==== Dataset records
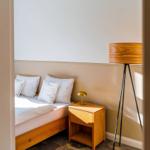 Schlafzimmer mit Bett, Nachttisch und Stehlampe.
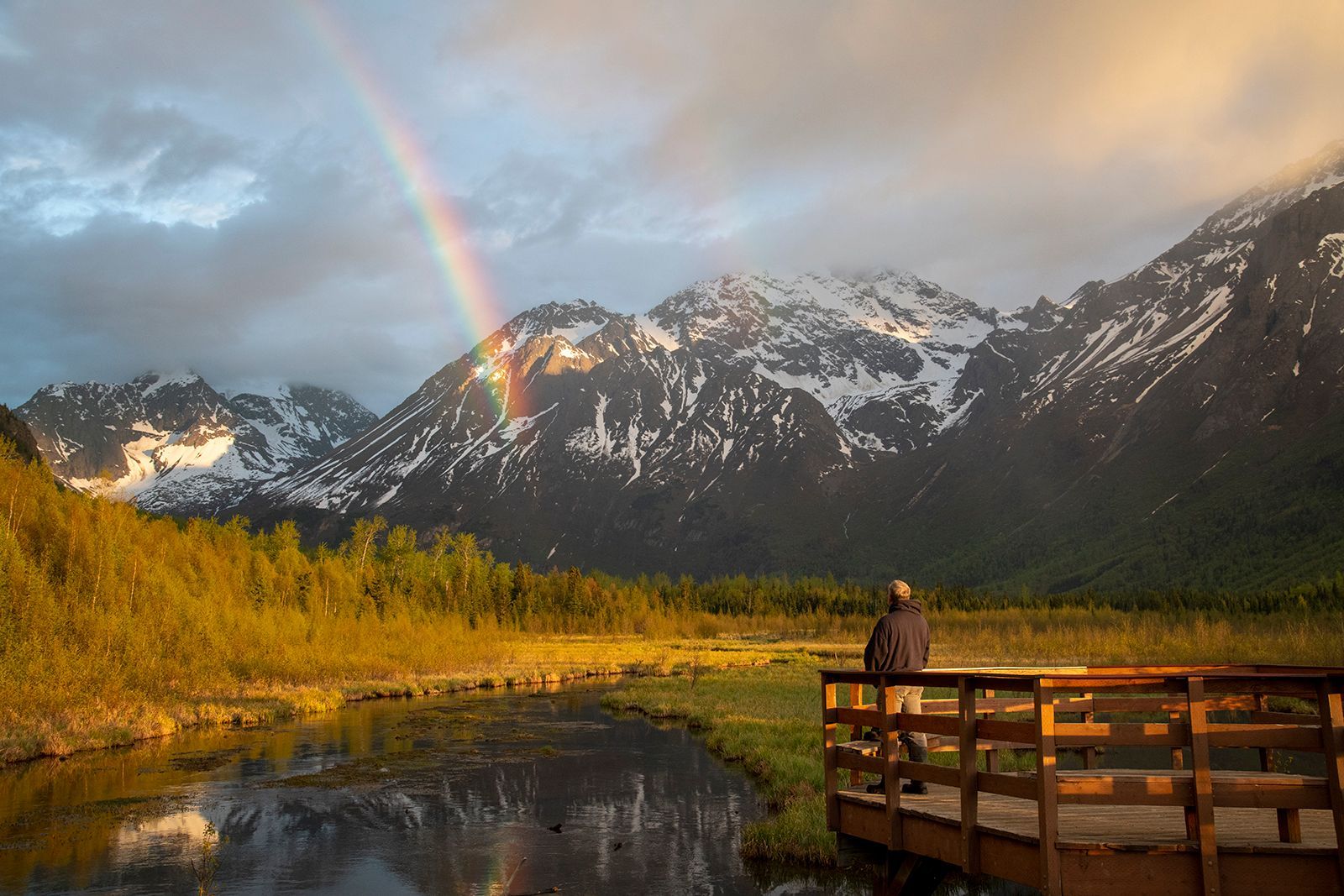 A man is standing on a bridge over a river with a rainbow in the background.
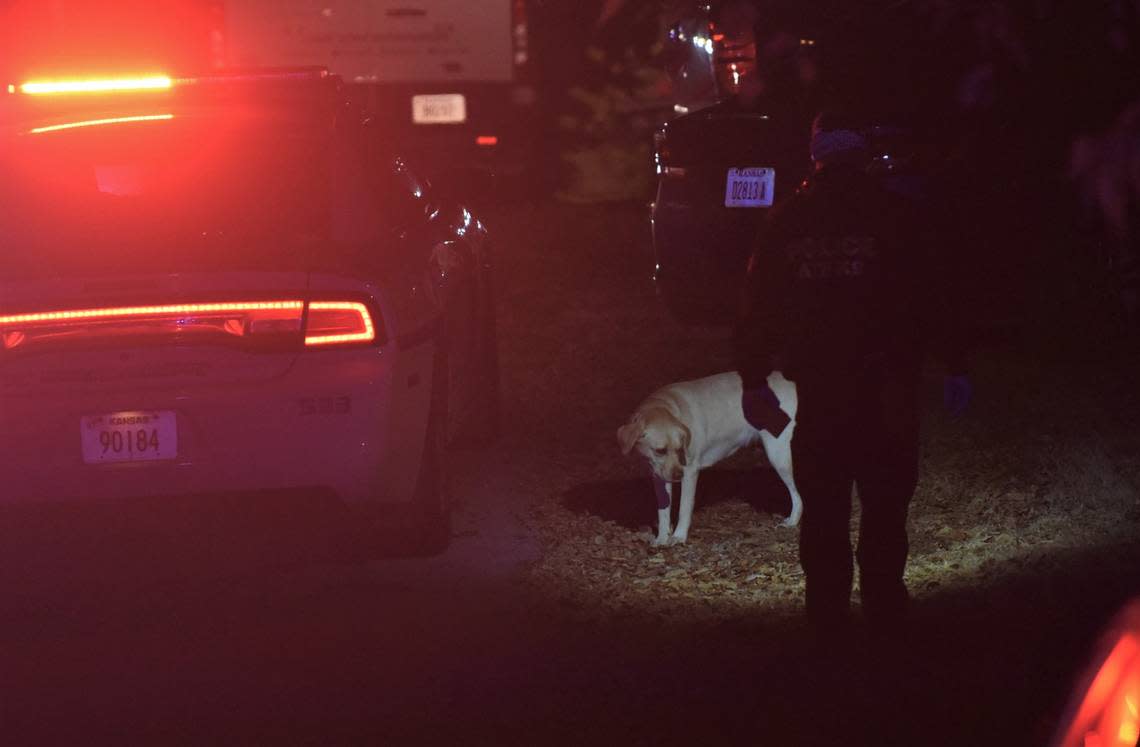 An investigator with the Bureau of Alcohol, Tobacco and Firearms leads a police dog through the scene of a shooting in Kansas City, Kansas where seven people were shot, one fatally, during a large gathering at a home in the 1600 block of South 50th Street.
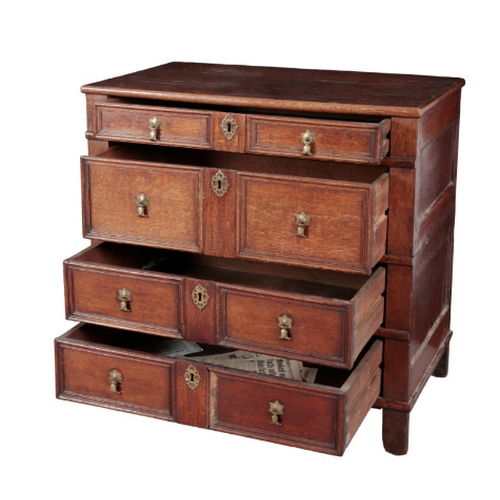 299 - A CHARLES II STYLE OAK CHEST OF DRAWERS in two sections, both incorporating geometric panelled long ... 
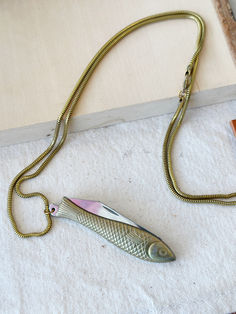 a fish shaped object is sitting on the floor next to a chain and pencils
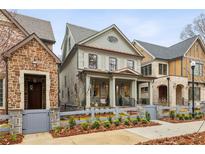 Charming two-story home with a classic design and landscaped front yard at 109 Cumming St, Alpharetta, GA 30009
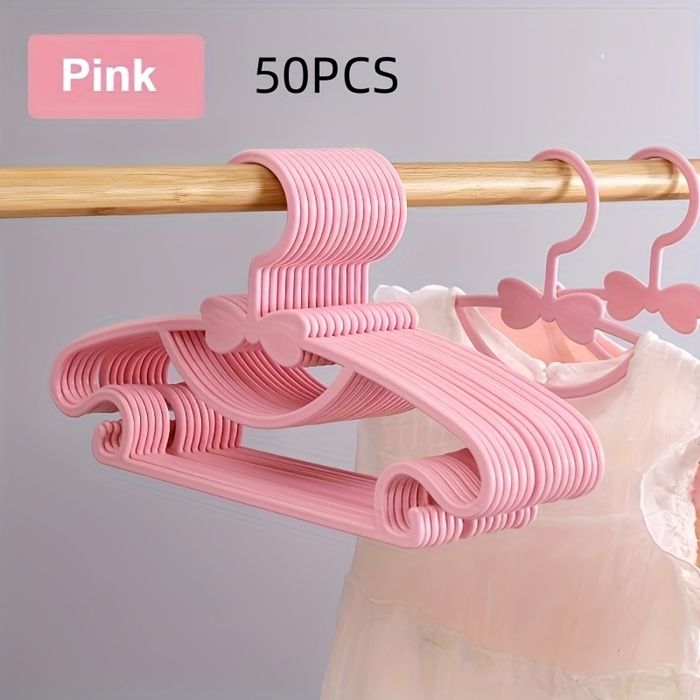 Cintres pour enfants - SAGRANDIR - Lot de 50 - Rose - Encoches antidérapantes - Empilables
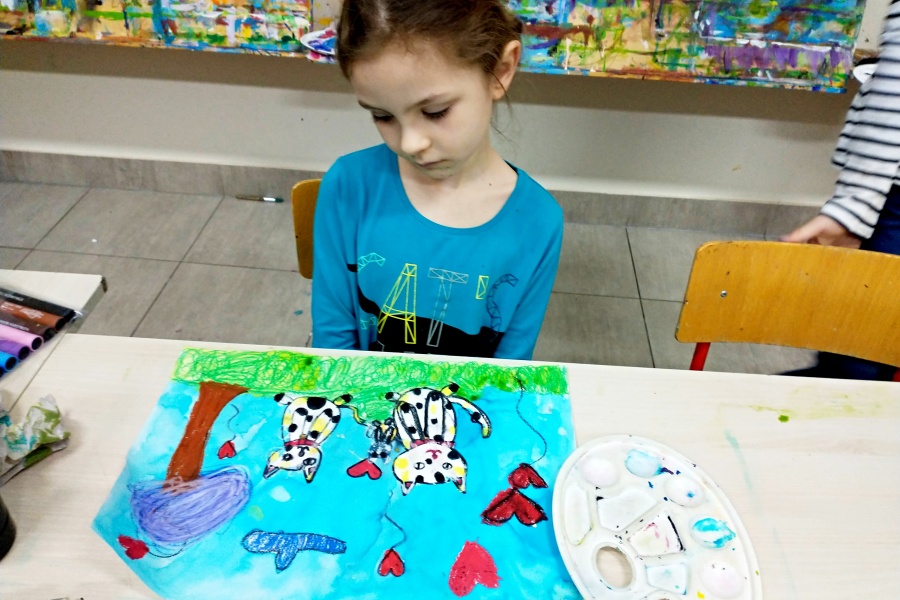 dziewczynka siedząca przy swojej pracy plastycznej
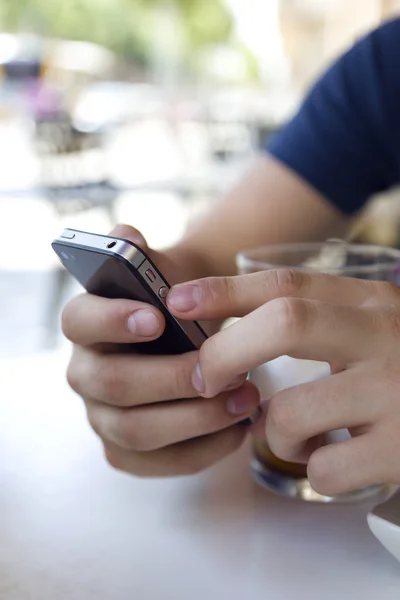 Knappe jongeman met behulp van zijn mobiele telefoon in de straat. — Stockfoto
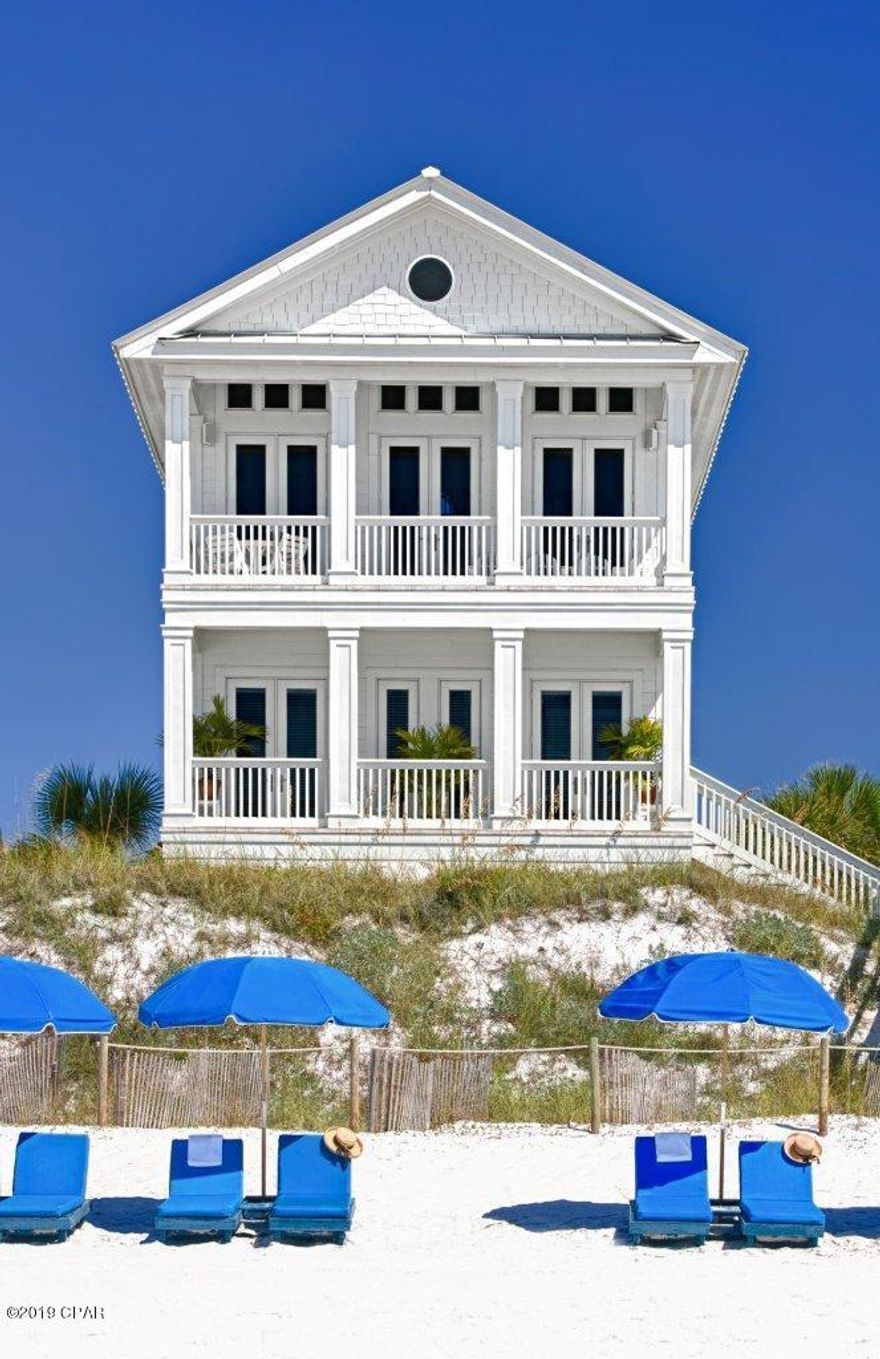 Seaside style meets peaceful privacy in this Carillon Beach coastal classic. Every inch of this home has been carefully manicured by a full time staff and each rental guest hand selected by the owner. With an exceptional past guest database, this home boasts an impressive annual rental history of over 340,000 that can be built upon as the demand for luxury, beachfront vacation rentals in our area continues to grow. Whether considering a strong investment property or a private Gulf front retreat, this remarkable property has the attributes to satisfy the most savvy buyers shopping the Northwest Florida coast. 289 Beachside Dr is comprised of a main house (3471 SQ FT) and an oversized carriage house (960 SQ FT) with two stories of living space. The property in total houses six bedrooms and eight full baths, a stunning courtyard area with heated private pool, multiple beachfront balconies, two full kitchens, two gas fireplaces, and a private elevator that services all floors in the main house. The property sleeps 14-18 guests, with 5 King suites and separate baths to service each room.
========
# Exercise:
When you repeat the records, reproduce each line exactly and drop the images.

# Output for this exercise:
 Schlafzimmer mit Bett, Nachttisch und Stehlampe.
 A man is standing on a bridge over a river with a rainbow in the background.
 An investigator with the Bureau of Alcohol, Tobacco and Firearms leads a police dog through the scene of a shooting in Kansas City, Kansas where seven people were shot, one fatally, during a large gathering at a home in the 1600 block of South 50th Street.
 299 - A CHARLES II STYLE OAK CHEST OF DRAWERS in two sections, both incorporating geometric panelled long ... 
 a fish shaped object is sitting on the floor next to a chain and pencils
 Charming two-story home with a classic design and landscaped front yard at 109 Cumming St, Alpharetta, GA 30009
 Cintres pour enfants - SAGRANDIR - Lot de 50 - Rose - Encoches antidérapantes - Empilables
 dziewczynka siedząca przy swojej pracy plastycznej
 Knappe jongeman met behulp van zijn mobiele telefoon in de straat. — Stockfoto
 Seaside style meets peaceful privacy in this Carillon Beach coastal classic. Every inch of this home has been carefully manicured by a full time staff and each rental guest hand selected by the owner. With an exceptional past guest database, this home boasts an impressive annual rental history of over 340,000 that can be built upon as the demand for luxury, beachfront vacation rentals in our area continues to grow. Whether considering a strong investment property or a private Gulf front retreat, this remarkable property has the attributes to satisfy the most savvy buyers shopping the Northwest Florida coast. 289 Beachside Dr is comprised of a main house (3471 SQ FT) and an oversized carriage house (960 SQ FT) with two stories of living space. The property in total houses six bedrooms and eight full baths, a stunning courtyard area with heated private pool, multiple beachfront balconies, two full kitchens, two gas fireplaces, and a private elevator that services all floors in the main house. The property sleeps 14-18 guests, with 5 King suites and separate baths to service each room.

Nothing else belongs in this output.